Agent Zero Architecture

The user or Agent 0 is at the top of the hierarchy, delegating tasks to subordinate agents, which can further delegate to other agents. Each agent can utilize tools and access the shared assets (prompts, memory, knowledge, extensions and instruments) to perform its tasks.

Core Components

Agent Zero's architecture revolves around the following key components:

  1. Agents: The core actors within the framework. Agents receive instructions, reason, make decisions, and utilize tools to achieve their objectives. Agents operate within a hierarchical structure, with superior agents delegating tasks to subordinate agents.

  2. Tools: Tools are functionalities that agents can leverage. These can include anything from web search and code execution to interacting with APIs or controlling external software. Agent Zero provides a mechanism for defining and integrating both built-in and custom tools.

  3. Memory: Agent Zero has persistent, long-term memory to store past experiences, knowledge, and information. This memory is used to inform decision-making and improve performance over time. Learn more in Memory System

  4. Prompts: Guide agent's behavior and communication. The system and tools prompts defines the agent's overall role and objectives, while message prompts structure the interaction and flow of information and memory.

  5. Knowledge: Refers to the user-provided information and data that agents can leverage.

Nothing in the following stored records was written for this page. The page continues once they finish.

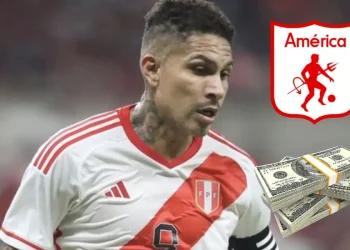 De ganar $40 mil en LDU, lo que podría cobrar Paolo Guerrero en América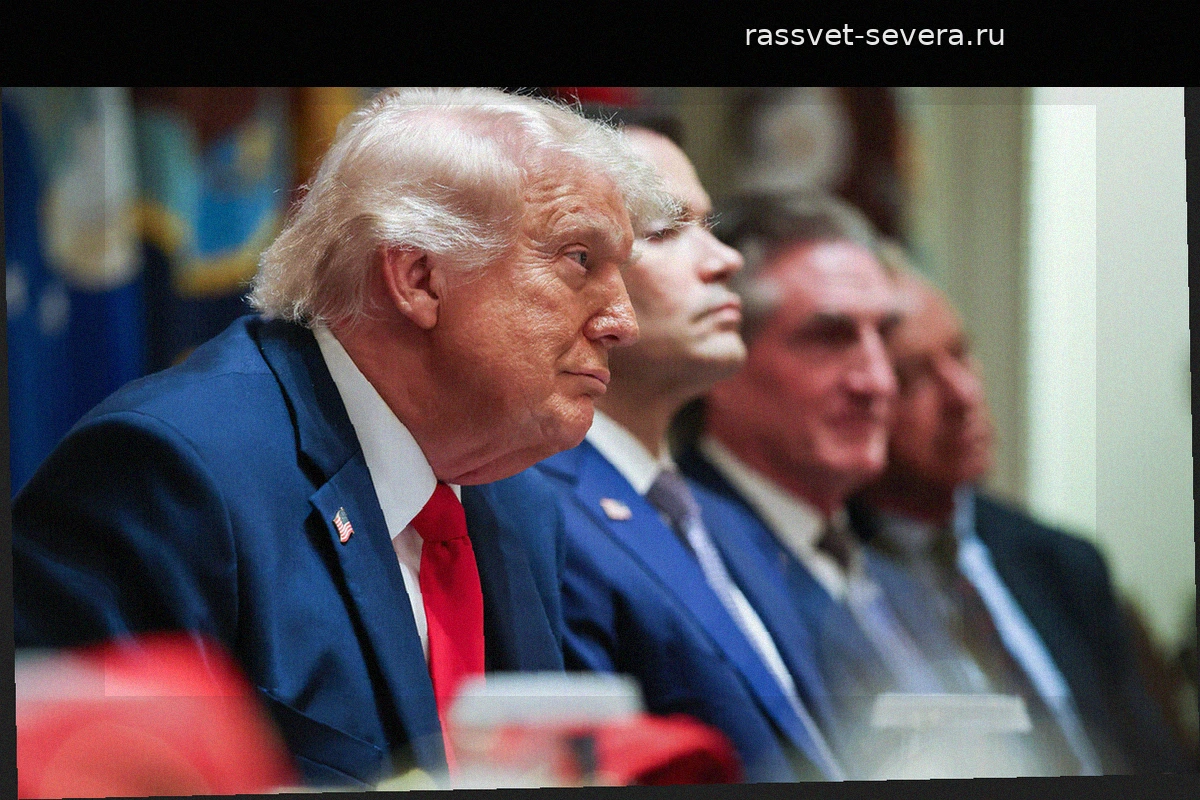 Трамп сообщил о готовности Ирана к заключению соглашения с США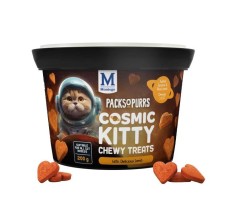 Montego Packs O' Purrs Chewies - Delicious Lamb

This can include documents, databases, or any other relevant resources. Agents can retrieve and utilize this knowledge to answer questions, make decisions, and perform RAG-augmented tasks.

  6. Instruments: Instruments provide a way to add custom functionalities to Agent Zero. They can modify agent behavior introducing new procedures, function calls, or scripts to integrate with other systems. Instruments scripts are run inside the Docker Container.

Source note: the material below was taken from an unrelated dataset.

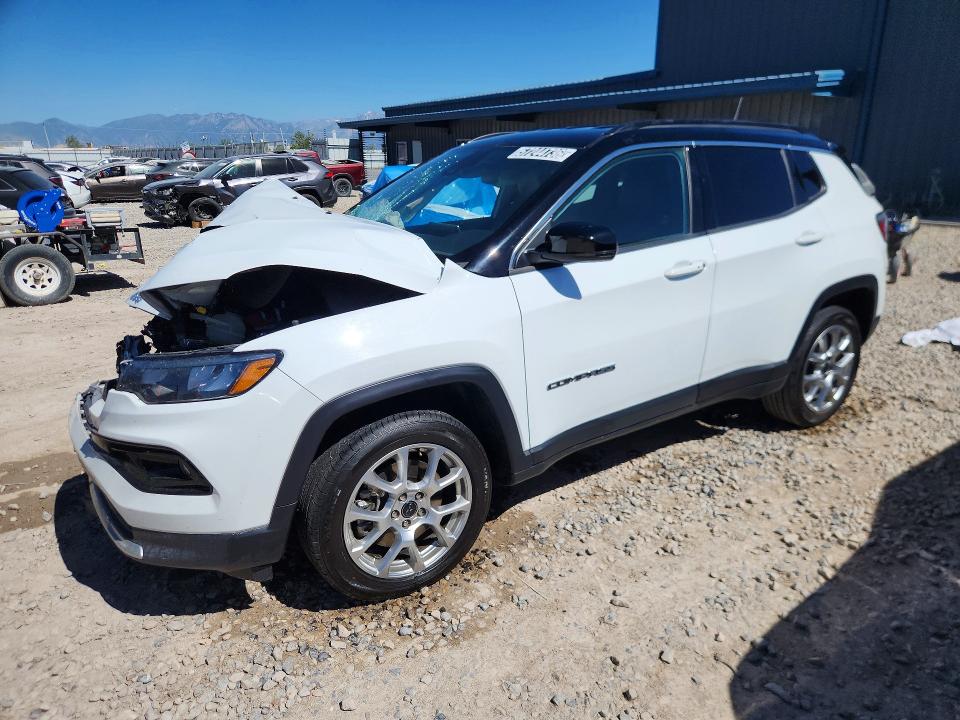 2025 JEEP COMPASS LIMITED - 1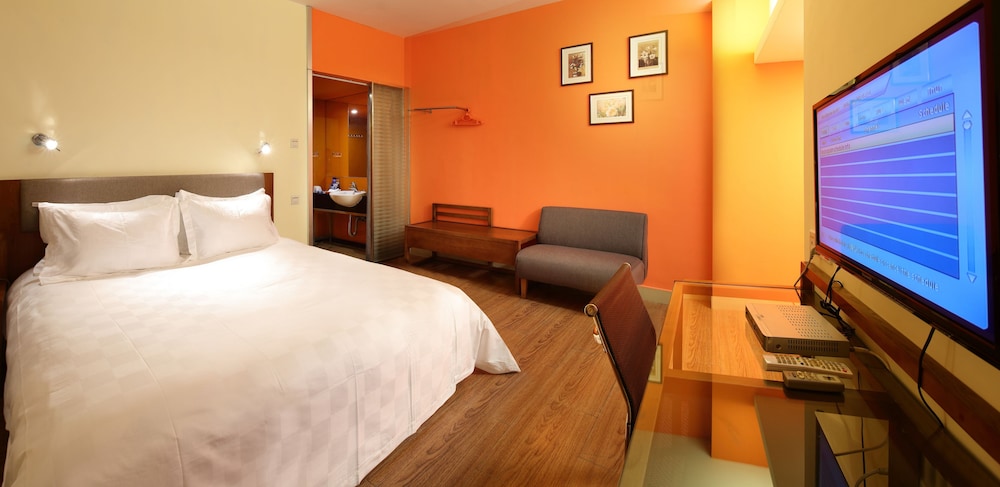 Garden Inn 4th Zhongshan Road Branch 22/60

  7. Extensions: Extensions are logical components that can be added to Agent Zero to enhance its capabilities. Extensions can include new message loops, custom memory management rules, or even more.

  8. Docker Container: Agent Zero execute code commands in a Docker container, which provides isolation and security. This ensures that agents can safely and securely interact with tools, especially when running code.

Agent Hierarchy and Communication

Agent Zero employs a hierarchical agent structure, where a top-level agent (often the user) can delegate tasks to subordinate agents. This hierarchy allows for the efficient breakdown of complex tasks into smaller, more manageable sub-tasks.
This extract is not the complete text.